# Directions
The answer is the exact run of lines in the listing below from the line containing "BMW X1 xDrive25i" up to and including the line containing "Yulong Hongyuezhuang Inn, Prenota", with pictures removed.

# Exercise materials
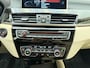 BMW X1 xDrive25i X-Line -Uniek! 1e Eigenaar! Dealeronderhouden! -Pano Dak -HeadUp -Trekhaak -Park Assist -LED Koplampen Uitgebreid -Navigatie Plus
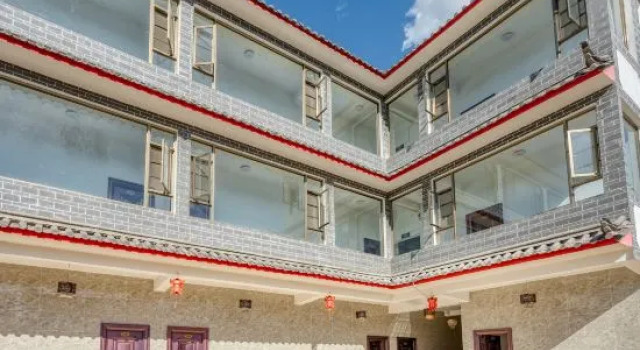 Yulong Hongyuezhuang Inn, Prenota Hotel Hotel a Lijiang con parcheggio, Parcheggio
---
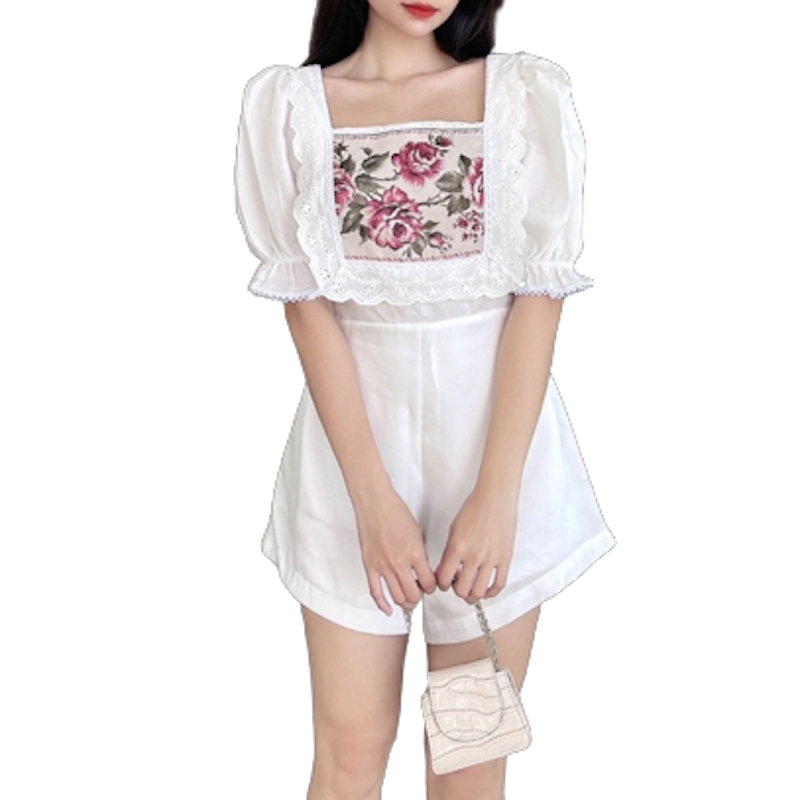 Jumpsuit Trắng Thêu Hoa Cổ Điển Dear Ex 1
--
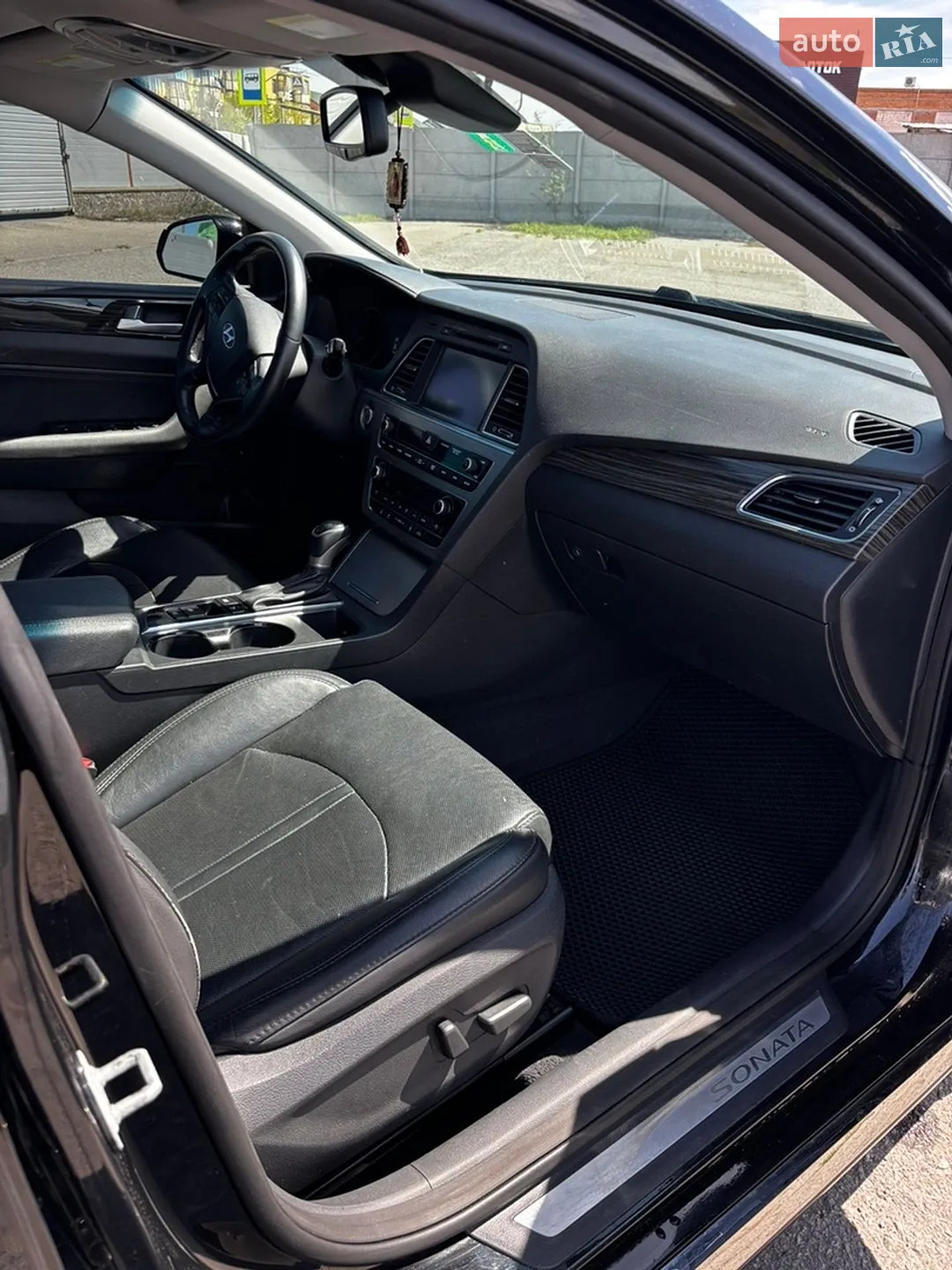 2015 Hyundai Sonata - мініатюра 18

# Reply
 BMW X1 xDrive25i X-Line -Uniek! 1e Eigenaar! Dealeronderhouden! -Pano Dak -HeadUp -Trekhaak -Park Assist -LED Koplampen Uitgebreid -Navigatie Plus
 Yulong Hongyuezhuang Inn, Prenota Hotel Hotel a Lijiang con parcheggio, Parcheggio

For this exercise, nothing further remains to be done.